I’m not sure why this is the case, but designers have a hard time discussing finances. Sadly, this is probably a big reason why there are not more designers launching really bold entrepreneurial businesses. If the scope of your entrepreneurial idea is modest, like publishing a book, or producing a line of gift items, your need for outside investment in order to bring the concept to market will probably be correspondingly low. But what if you’ve got an awesome idea that will take a million dollars or more to launch? Most of us wouldn’t even know where to begin to look for that kind of money.
As you may know, the traditional types of venture funding fall into three general categories: angel investors, venture capital, and bank loans, each of which has a long list of pros and cons. In previous posts, I’ve discussed the trend of microfinancing (March 28, 2009) that has added an exciting energy to this mix—but microfinancing is in its infancy and really hasn’t matured yet into a viable alternative for most entrepreneurs. Likewise, business plan competitions are worth keeping tabs on, but the amount of money available is usually relatively small and the timing is rigid.
I’ve been coming across some interesting resources that can help educate designers about the possibilities for capital funding.
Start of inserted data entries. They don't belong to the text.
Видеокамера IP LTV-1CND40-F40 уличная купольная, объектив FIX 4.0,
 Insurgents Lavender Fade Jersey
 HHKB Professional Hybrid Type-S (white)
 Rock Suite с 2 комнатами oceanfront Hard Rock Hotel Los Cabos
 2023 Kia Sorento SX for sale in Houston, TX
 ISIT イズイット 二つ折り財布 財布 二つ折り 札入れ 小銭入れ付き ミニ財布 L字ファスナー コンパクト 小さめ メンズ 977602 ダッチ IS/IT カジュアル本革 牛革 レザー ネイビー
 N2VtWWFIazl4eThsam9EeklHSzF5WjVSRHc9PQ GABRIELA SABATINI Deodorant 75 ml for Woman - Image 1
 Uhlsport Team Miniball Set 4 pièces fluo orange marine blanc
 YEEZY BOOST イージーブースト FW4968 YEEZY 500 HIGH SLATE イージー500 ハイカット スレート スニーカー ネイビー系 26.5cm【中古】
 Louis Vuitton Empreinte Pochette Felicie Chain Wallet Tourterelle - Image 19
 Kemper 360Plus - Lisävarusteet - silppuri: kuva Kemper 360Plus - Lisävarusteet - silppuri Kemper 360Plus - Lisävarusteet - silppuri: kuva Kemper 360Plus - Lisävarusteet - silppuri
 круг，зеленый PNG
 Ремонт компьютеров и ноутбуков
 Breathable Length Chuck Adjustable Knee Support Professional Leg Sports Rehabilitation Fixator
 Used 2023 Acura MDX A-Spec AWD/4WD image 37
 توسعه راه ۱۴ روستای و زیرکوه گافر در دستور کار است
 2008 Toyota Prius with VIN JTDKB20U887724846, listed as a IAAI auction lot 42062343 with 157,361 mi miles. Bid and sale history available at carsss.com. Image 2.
Fast Company has been running an occasional series by writer Karen Post which follows, first hand, the development of a social networking start-up called Oddpodz (ironically the social network is entrepreneurship-focused). In this article, titled “Finding Funding for your Infant Brand,” Post focuses on funding and describes the process of securing the second round of funding for the concept. She does a great job of laying out the struggles, challenges, and lessons learned.
Not surprisingly, the once-veiled world of venture capital is becoming more transparent, and The Funded is an excellent example of this trend. Here you will be introduced to a complete line up of VC firms in a range of categories—and you can see the ratings and comments of entrepreneurs who have worked with them. This is a great way to glean information about the VC process.
As the business world evolves, a new breed of venture capitalists is beginning emerge exemplified by Y Combinator, which specializes in early stage start ups in the tech area. What’s intriguing to me about Y Combinator is that they not only dole out money, but they also conduct workshops and seminars that nurture and educate young entrepreneurs.
The recent BusinessWeek article “So You Want to Get Funded?” surveys recent venture capital activity and presents some interseting findings. Among them is that 14.3% of VC funding went to a category called “consumer internet.” I’m not sure how they define that category, but it appears to be an area that designers are active in.